Ancak burada devletin sorumluluğu ne olduğunu sorgulamak gerekir!
İşin bir başka boyutu yandaş gazeteler, televizyonlar, haber merkezleri böyle bir soygunu görmezden gelmiş olmasıdır.
Çiftlikbank’ın Gebze’de şubesi olduğuna göre mutlaka para yatıranları ve mağdurları da olmalıdır.
Bu tür dolandırıcılık organizasyonu tüm ayrıntılarıyla ve failleriyle ortaya çıkartılmalı ve de cezasız kalmamalı.
Çok sayıda gazetecinin, bilim insanının cezaevlerinde yatırıldığı bir dönemde bu tür vurgunlar görmezden gelinir.

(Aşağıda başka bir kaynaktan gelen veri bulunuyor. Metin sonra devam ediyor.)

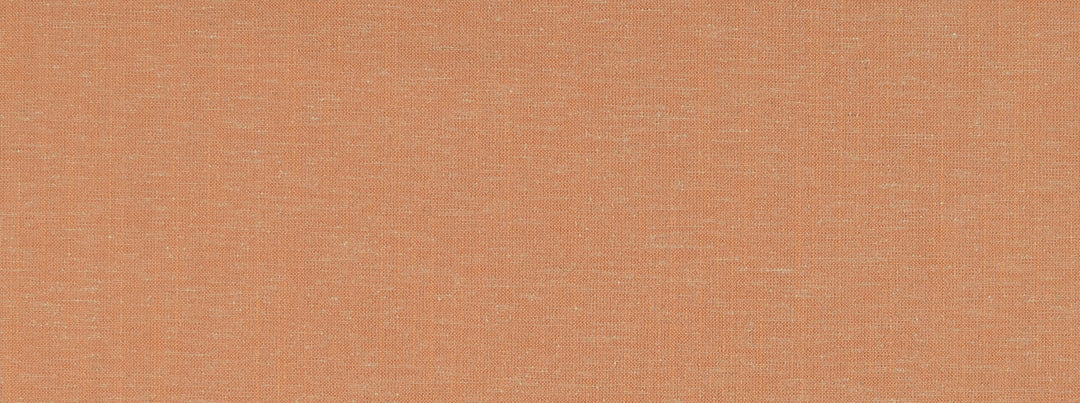 Garwick 340 Mandarin by Covington Designer Fabric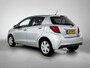 Toyota Yaris 1.5 Hybrid Aspiration | NL dealeronderhouden |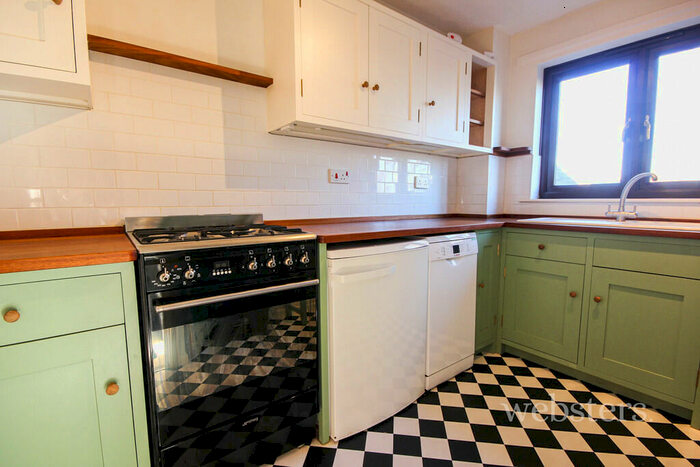 2 Bedroom Apartment To Rent In Ingram Court, Norwich, NR1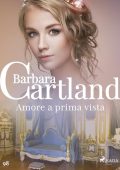 Barbara Cartland - Amore a prima vista (2023)
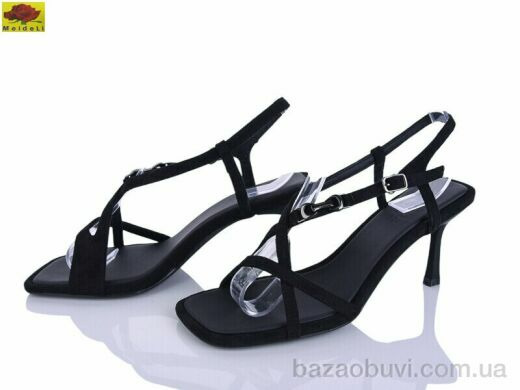 Mei De Li L6565-11, 750.00, 6, 36-40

Benzeri dolandırıcılık vakaları bu ülkede ne ilktir ne de son olacak.
Geçmişte Mollaoğlu İnşaat 1049 kişiyi benzeri yöntemlerle dolandırdı.
Halen bu insanların mağduriyeti giderilmiş değil.

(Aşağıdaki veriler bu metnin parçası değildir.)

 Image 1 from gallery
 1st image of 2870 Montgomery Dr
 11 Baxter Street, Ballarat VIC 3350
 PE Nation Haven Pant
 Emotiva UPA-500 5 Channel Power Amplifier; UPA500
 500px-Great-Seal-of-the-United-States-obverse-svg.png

Yaşanan bunca tecrübeye ve mağduriyete rağmen insanlar halen din, iman ve inanç vurgusu yapılarak dolandırılabiliyorsa geldiğimiz nokta vahimdir!
Bu tür organizasyonlar 25 yaşında kendini ifade etmekten yoksun çocukların yapacağı işler değildir.
Bu işin arka boyutu araştırılmalı.
Sorgulayan bir toplumdan rahatsız olanlar Yaşanan bu tablonun yaratıcı mimarlarıdır.
Kabahat kimde desem büyük bölümü sendedir be kardeşim demeye dilim varmıyor.
Çürüyen toplum manzaralarının son kareleri bunlardır.
Ayrıca bu ülkede yolsuzluk haberleri yapmak ve gündeme getirmek tehlikeli sonuçlar doğurduğunu söylemeliyim.